The new fiduciary rule introduced by the Department of Labor (DOL) seeks to make changes when it comes to giving out retirement investment advice. One of these changes seeks to create a broader definition of the term “fiduciary” by not only eliminating the old 5-part test, but also revising the nature of what constitutes investment advice. No longer does the advice have to be on a regular basis, nor does there need to be a mutual understanding between the parties. Also under the new rule, investment advice no longer needs to be individualized based on the particular needs of the client, nor serve as the primary basis for investment decisions. The DOL also seeks to add to a fiduciary’s core duties, outlined by the Employee Retirement Income Security Act (ERISA), by including that the plan participant pays only reasonable plan expenses, and requiring advisors to address any conflicts of interest. By broadening the definition of a fiduciary, those who were previously exempt, such as, brokers, registered investment advisors, and insurance agents, may now have to acknowledge themselves as fiduciaries, thus forcing them to adopt the fiduciary standard of putting the client’s best interests first, as well as, possibly having to restructure any fees they may charge the participant.

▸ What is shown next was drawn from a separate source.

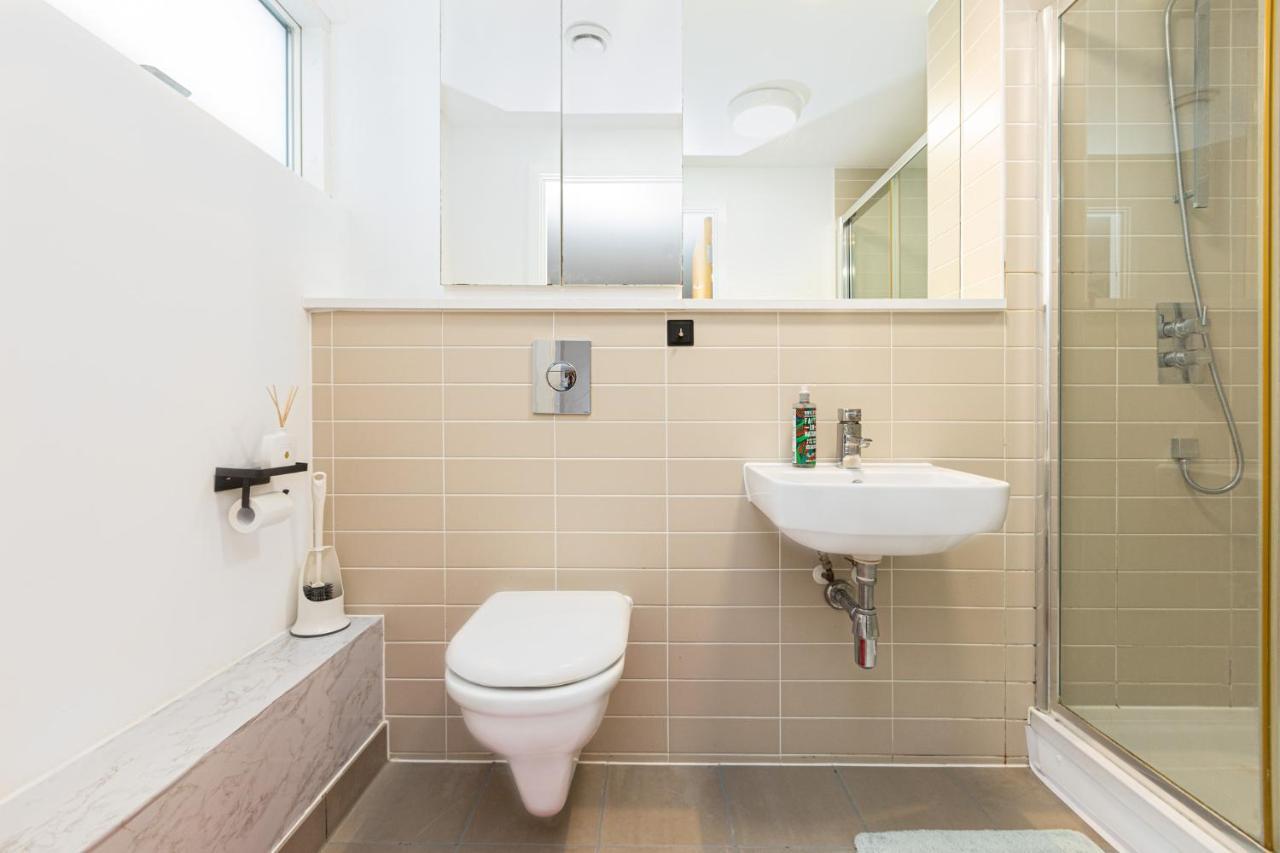 Immaculate 2br Flat, Greenwich, 2 Min Maze Hill St * Londen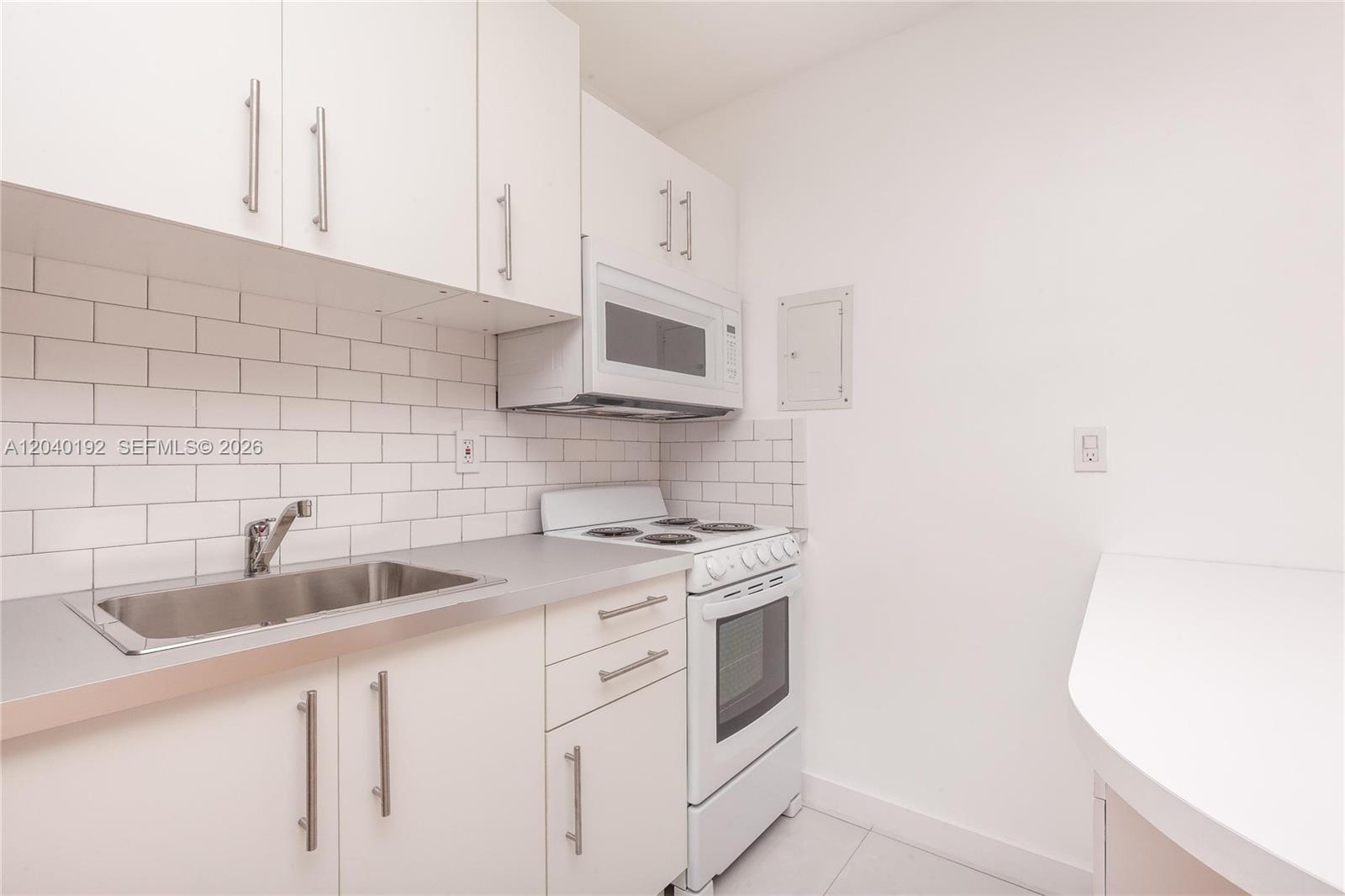 345 Michigan Ave # 20, Miami Beach FL 33139 photo 2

If an advisor is a fiduciary, it is important to understand the roles and responsibilities that follow that designation and as well as what steps to take to comply with the new rules. A fiduciary advisor should identify all products and services sold to plans and IRAs, confirm that his or her firm has sufficient governing processes in place, identify all instances of variable compensation, develop compliance strategies, and provide training on the new fiduciary standard. It will also become necessary to document the process of selecting investments as well as monitoring those investments. Advisors should hold regular meetings with clients, so as to keep them informed and allow the client to make informed decisions when it comes to his or her investments.  Advisors should also review their fee structure and determine whether or not the fees they charge are reasonable. If prior to being classified as a fiduciary, the advisor was receiving commissions, the advisor would need to qualify under an exemption to receive compensation. For most advisors, the Best Interest Contract Exemption (BICE) will be the appropriate exemption, thereby allowing certain advisors to receive such compensation.

Adherence to the DOL rules is not required until April 10, 2017. The Department has determined that, in light of the importance of the final rule’s consumer protections and the significance of the continuing monetary harm to retirement investors without the rule’s changes, an applicability date of one year after publication of the final rule in the Federal Register is appropriate and provides adequate time for plans and their affected financial services and other service providers to adjust to the change from non-fiduciary to fiduciary status. However, advisors should begin preparing now for the changes that are forthcoming.